Le démantèlement du groupe BAI a été cité par le ministre des Services financiers, Sudhir Sesungkur, mercredi matin lors de son discours sur le budget 2017-18. « La BAI était une fraude colossale d’une dimension historique. Si le gouvernement n’avait pas agi à temps, plus de 160 000 personnes, clients de la BAI, seraient sur le pavé », a-t-il affirmé à la chambre en l’absence des membres de l’opposition, à l’exception de la députée Danielle Selvon.
Sudhir Sesungkur soutient qu’il « savait que la BAI était un ponzi » et fustige le leader de l’opposition, Xavier-Luc Duval, de ne pas le voir de cette façon. Il devait citer une précédente PNQ de l’ancien leader de l’opposition, Paul Bérenger, adressée à Xavier-Luc Duval lorsqu’il était ministre des Finances, évoquant le cas de la BAI. Il fait mention que le ministre des Finances d’alors « avait affirmé qu’il n’était pas au courant ». « Il n’avait pas considéré cela comme un avertissement », dit-il.
Outre la question soulevée par le leader de l’opposition, Sudhir Sesungkur affirme que le Fonds monétaire international avait également pointé du doigt le groupe BAI depuis 2012. « Le FMI avait souligné que la BAI pourrait avoir un effet négatif sur l’économie. KPMG avait aussi tiré la sonnette d’alarme », dit-il, en ajoutant qu’un trou de Rs 12 milliards apparaissait dans les comptes de Klad Investment Corporation Ltd basé aux Bahamas. « La banqueroute était confirmée », précise-t-il. Pour Sudhir Sesungkur, une telle situation « ne pouvait perdurer », mettant en péril des milliers de clients de la compagnie. « Nous avons agi en toute vitesse pour que les gens ne soient pas emprisonnés dans ce plan Ponzi », dit-il. Sudhir Sesungkur soutient que la démarche du gouvernement d’arrêter les opérations de la BAI était « dans l’intérêt de la population. » Selon lui, le gouvernement « a protégé la population et la stabilité financière ». Il ajoute : « La BAI était une fraude colossale d’une dimension historique. Si le gouvernement n’avait pas agi à temps, plus de 160 000 personnes, clients de la BAI, seraient sur le pavé. »

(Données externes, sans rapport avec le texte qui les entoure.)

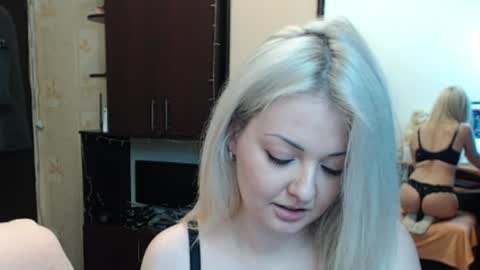 Snapshot of luckyshotgirl chatting on April 19, 2026, 11:09 am LuckyShot online show from April 19, 2026, 11:09 am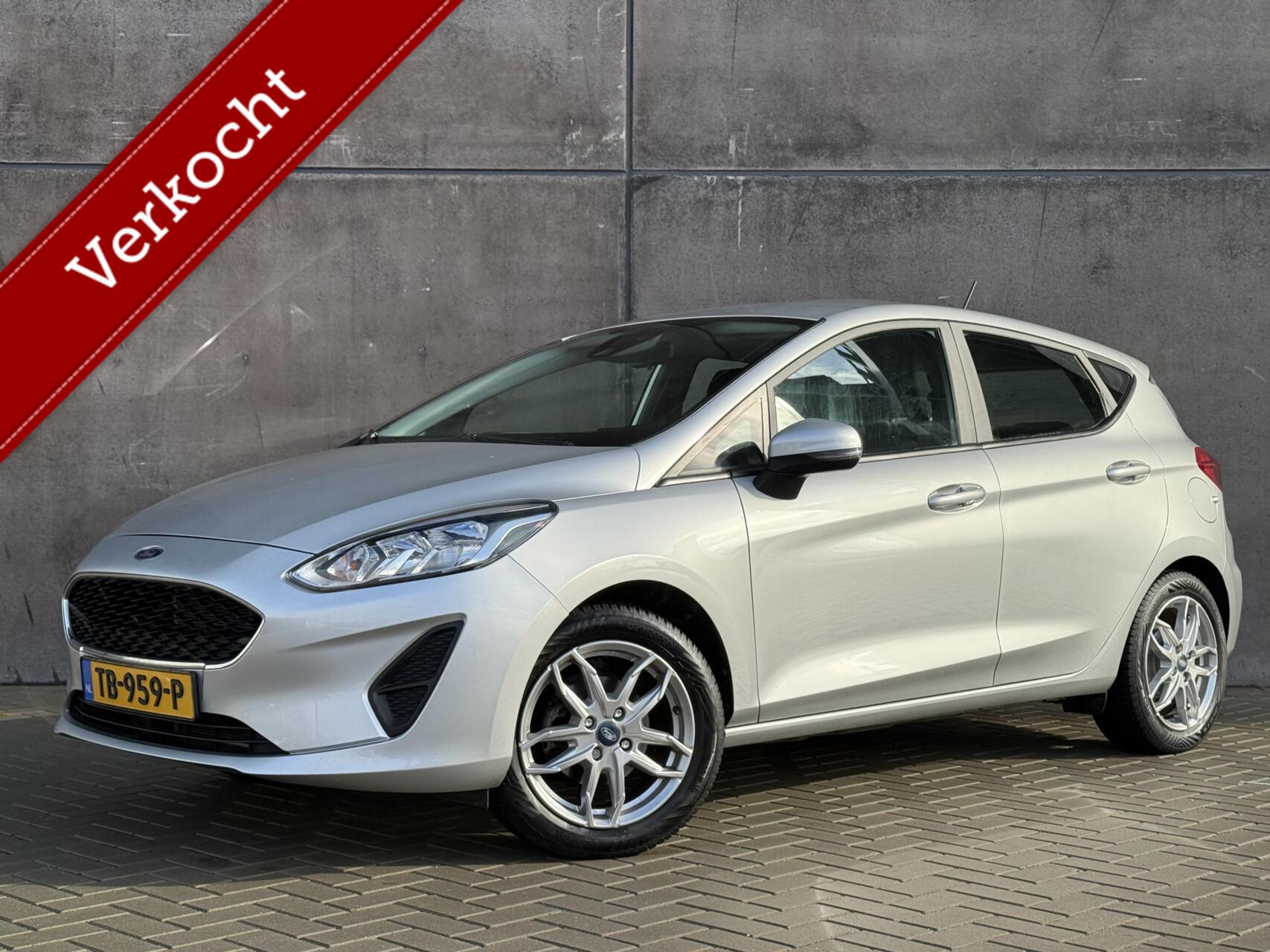 Ford Fiesta 1.1 Trend | Trekhaak | Navigatie | APK 02-2027 | Airco | CarPlay | 2018 - voorkant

Pour le ministre des Services financiers, le gouvernement a pu gérer les différents budgets présentés malgré les conditions économiques difficiles. En ce sens, il cite l’État providence, les subsides sur la farine et le riz, la santé et le transport gratuits. Citant les différents projets du gouvernement à consolider l’économie, il a tiré à boulets rouges sur l’opposition en disant que les points soulevés par cette dernière « sont trompeurs, démagogiques et mènent à la malhonnêteté intellectuelle ». Pour lui, les membres de l’opposition essaient « de manière délibérée de tromper la population ».